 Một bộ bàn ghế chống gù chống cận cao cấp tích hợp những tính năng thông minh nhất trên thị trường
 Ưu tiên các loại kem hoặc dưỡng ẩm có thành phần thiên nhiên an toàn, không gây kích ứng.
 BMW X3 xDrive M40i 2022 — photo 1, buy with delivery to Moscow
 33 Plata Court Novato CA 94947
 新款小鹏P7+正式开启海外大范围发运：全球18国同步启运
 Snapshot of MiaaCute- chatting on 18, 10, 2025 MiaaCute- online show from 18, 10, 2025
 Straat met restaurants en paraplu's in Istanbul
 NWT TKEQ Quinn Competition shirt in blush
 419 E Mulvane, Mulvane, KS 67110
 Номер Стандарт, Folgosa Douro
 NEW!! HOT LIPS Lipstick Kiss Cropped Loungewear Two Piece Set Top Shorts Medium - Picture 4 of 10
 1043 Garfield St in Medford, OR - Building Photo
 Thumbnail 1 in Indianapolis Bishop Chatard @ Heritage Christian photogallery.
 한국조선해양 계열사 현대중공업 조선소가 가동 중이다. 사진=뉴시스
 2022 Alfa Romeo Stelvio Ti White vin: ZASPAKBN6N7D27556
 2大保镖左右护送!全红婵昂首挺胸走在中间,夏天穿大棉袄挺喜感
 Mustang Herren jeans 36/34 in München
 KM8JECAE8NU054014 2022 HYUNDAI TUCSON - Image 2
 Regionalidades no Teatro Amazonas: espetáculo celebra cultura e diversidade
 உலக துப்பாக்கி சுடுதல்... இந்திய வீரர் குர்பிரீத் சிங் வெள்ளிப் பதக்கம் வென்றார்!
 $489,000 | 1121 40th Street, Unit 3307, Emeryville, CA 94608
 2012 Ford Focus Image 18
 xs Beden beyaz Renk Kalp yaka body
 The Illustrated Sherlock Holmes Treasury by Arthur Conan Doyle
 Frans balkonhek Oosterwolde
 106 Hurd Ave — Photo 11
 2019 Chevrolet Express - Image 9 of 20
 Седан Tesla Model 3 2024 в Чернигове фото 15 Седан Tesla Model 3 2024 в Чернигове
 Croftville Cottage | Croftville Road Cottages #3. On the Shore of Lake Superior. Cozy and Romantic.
━━━
▸ **What you should do**
Repeat the entries verbatim through the line with "1043 Garfield St".

▸ **Your response**
 Một bộ bàn ghế chống gù chống cận cao cấp tích hợp những tính năng thông minh nhất trên thị trường
 Ưu tiên các loại kem hoặc dưỡng ẩm có thành phần thiên nhiên an toàn, không gây kích ứng.
 BMW X3 xDrive M40i 2022 — photo 1, buy with delivery to Moscow
 33 Plata Court Novato CA 94947
 新款小鹏P7+正式开启海外大范围发运：全球18国同步启运
 Snapshot of MiaaCute- chatting on 18, 10, 2025 MiaaCute- online show from 18, 10, 2025
 Straat met restaurants en paraplu's in Istanbul
 NWT TKEQ Quinn Competition shirt in blush
 419 E Mulvane, Mulvane, KS 67110
 Номер Стандарт, Folgosa Douro
 NEW!! HOT LIPS Lipstick Kiss Cropped Loungewear Two Piece Set Top Shorts Medium - Picture 4 of 10
 1043 Garfield St in Medford, OR - Building Photo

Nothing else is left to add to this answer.